> [DATA SECTION]:
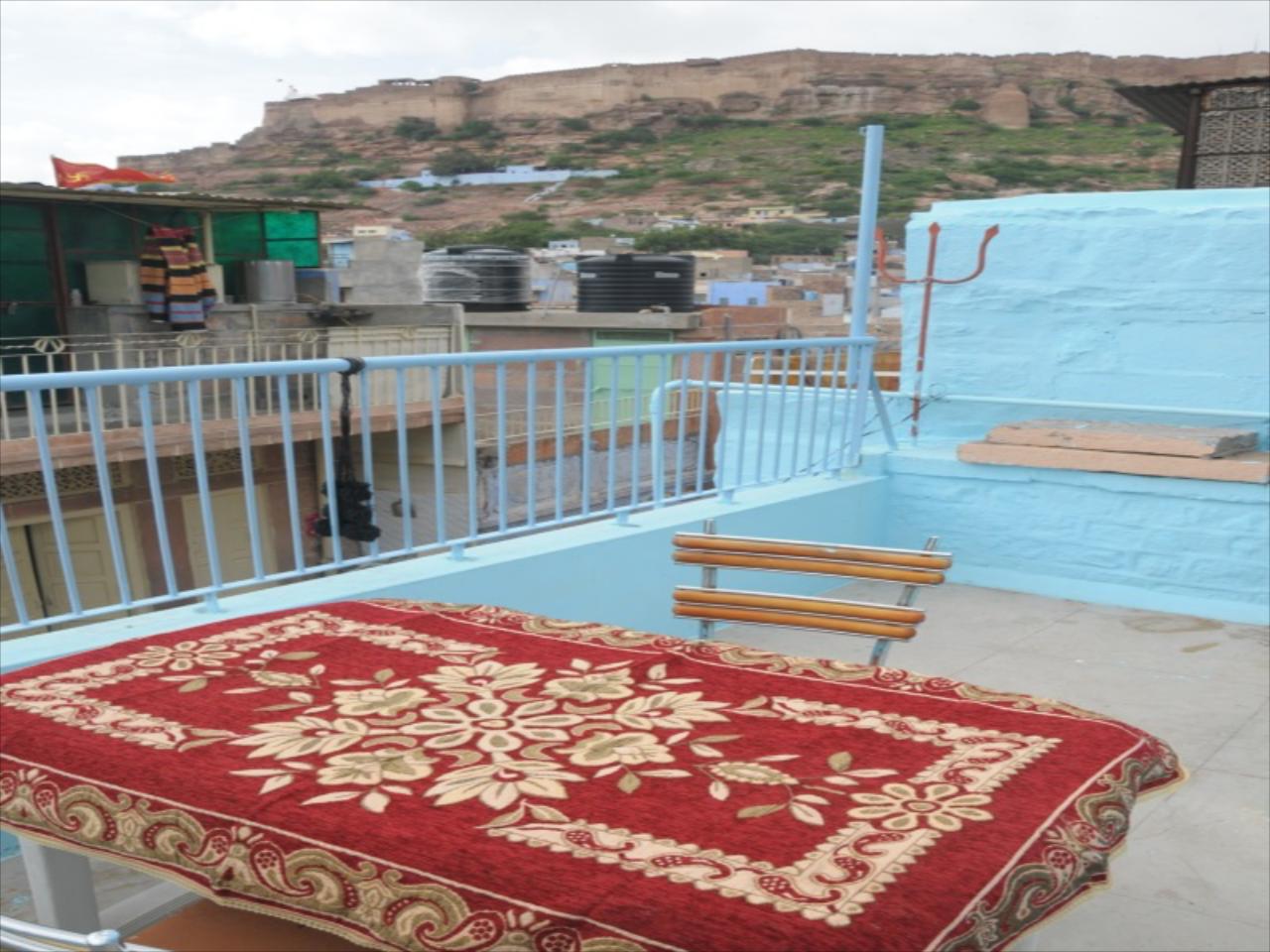 Bob Hostel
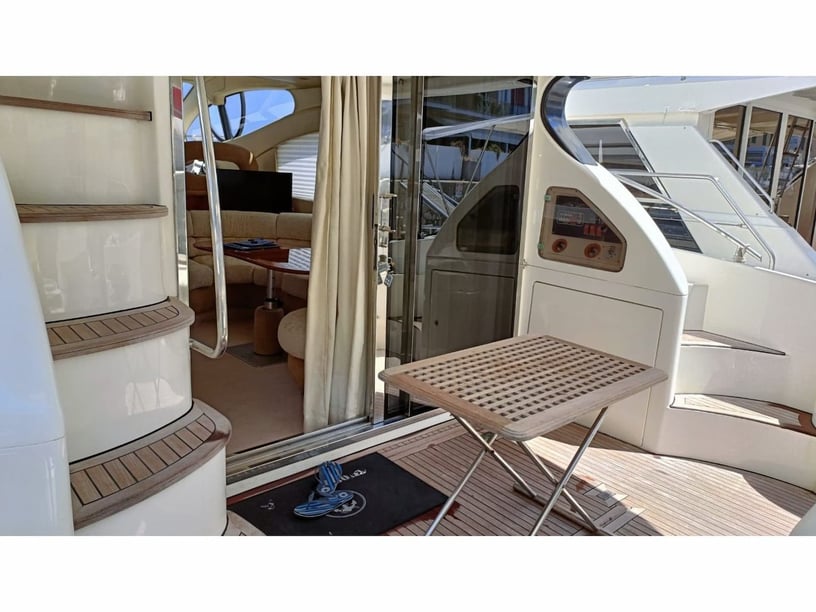 Rome Motorboot Cabine 3  6  slaapplaatsen 12  gasten 14.65 m Lijstnummer: #25529 2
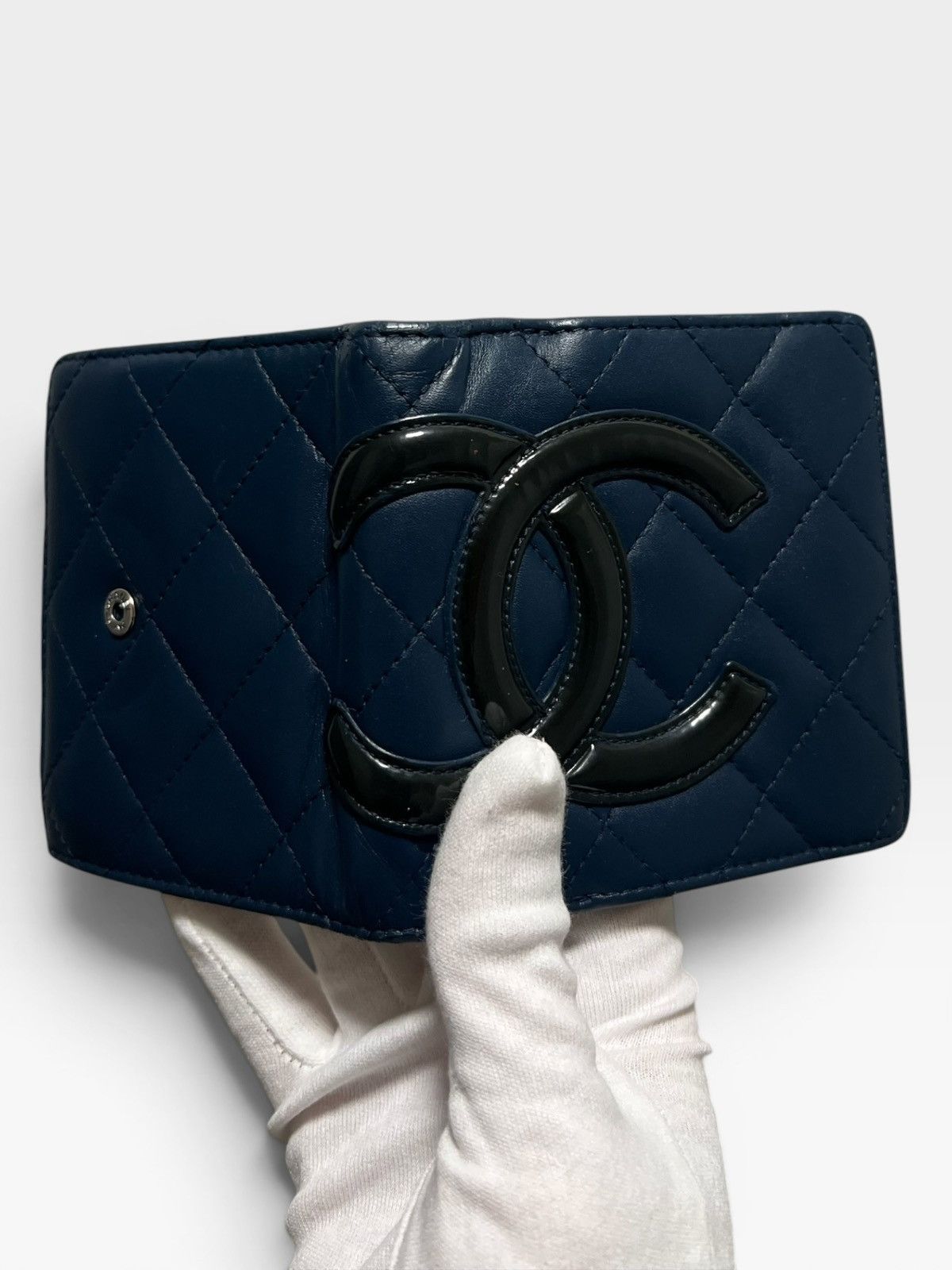 Chanel STEAL! Chanel Cambon Ligne quilted bifold wallet Size ONE SIZE - 2 Thumbnail
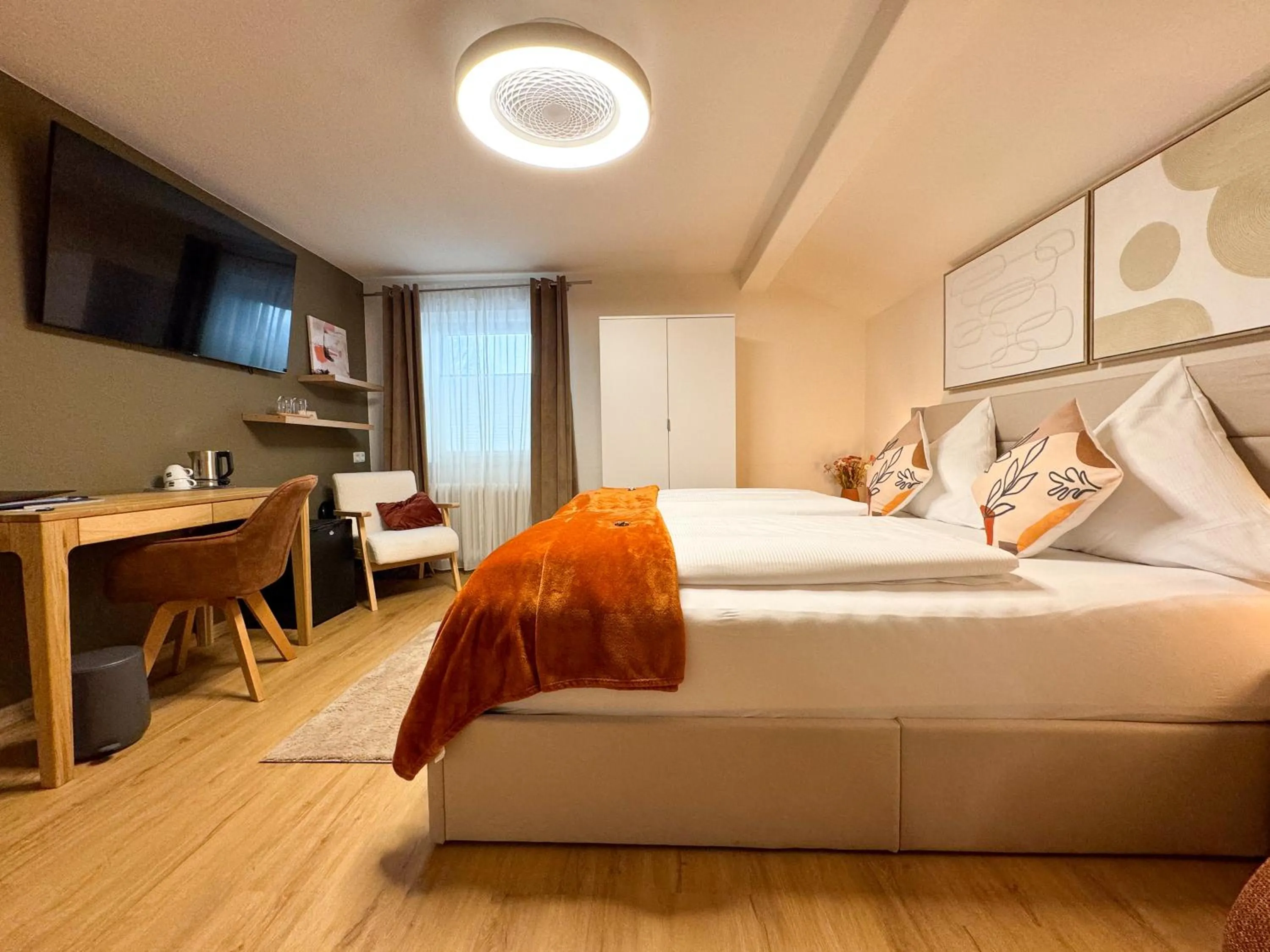 Photo of the whole room, Bed in Sieben Zimmer am See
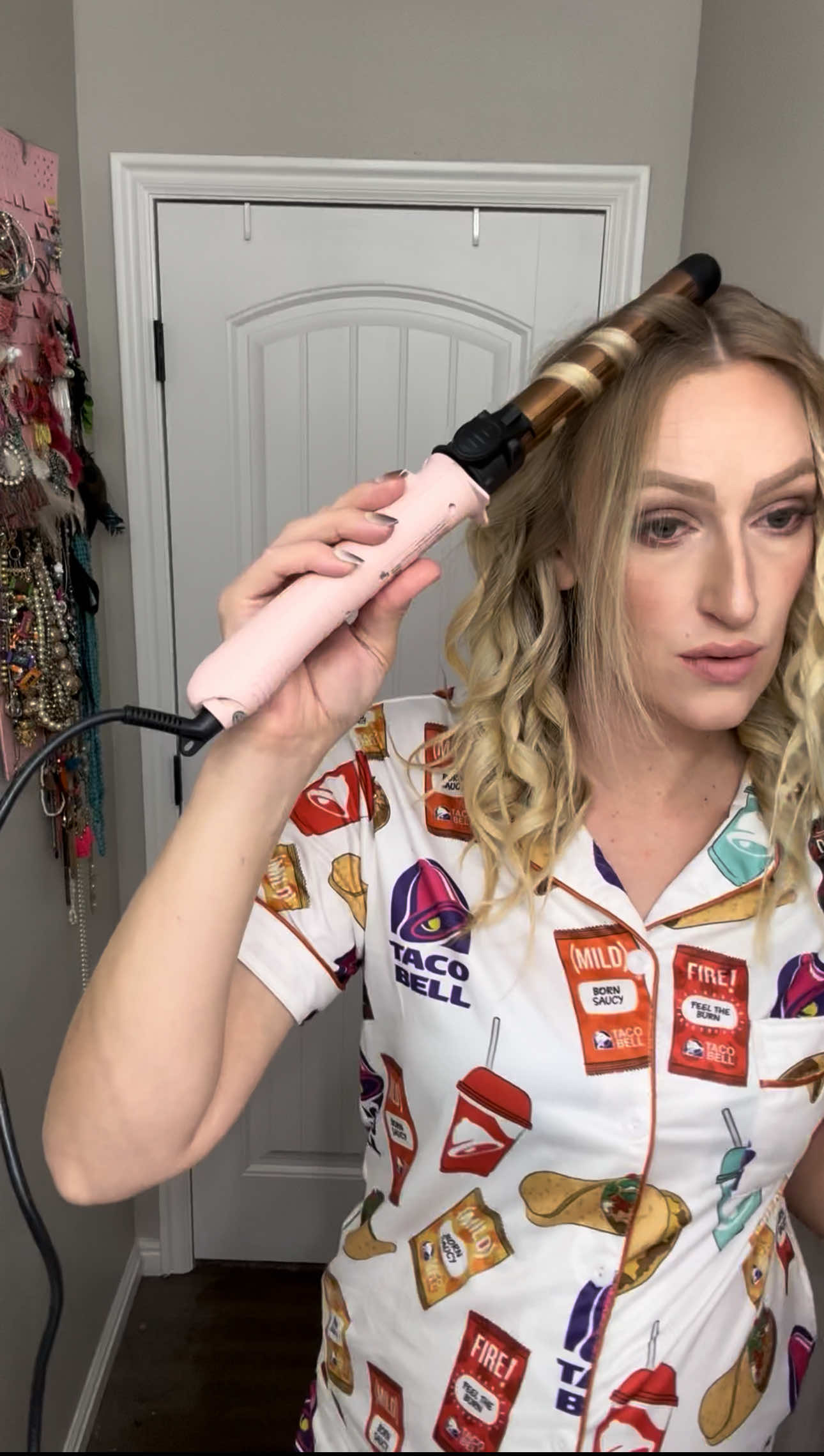 TikTok post by @muamalott for L'ange Hair. Caption reads: If you want theeee best curls that last you all....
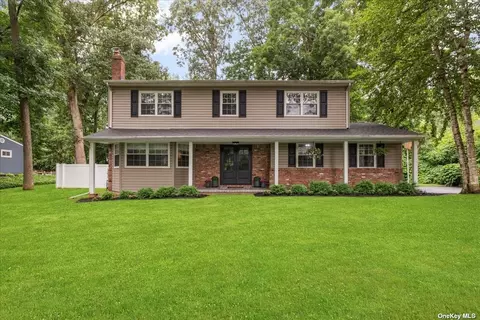 54 Mcculloch Dr, Dix Hills, NY 11746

> [WORK INSTRUCTION]: Each line from the line containing "Photo of the" through the final line of the data above must be retyped exactly; nothing else, and no pictures, may appear.

> [COMPLETED TASK]:
 Photo of the whole room, Bed in Sieben Zimmer am See
 TikTok post by @muamalott for L'ange Hair. Caption reads: If you want theeee best curls that last you all....
 54 Mcculloch Dr, Dix Hills, NY 11746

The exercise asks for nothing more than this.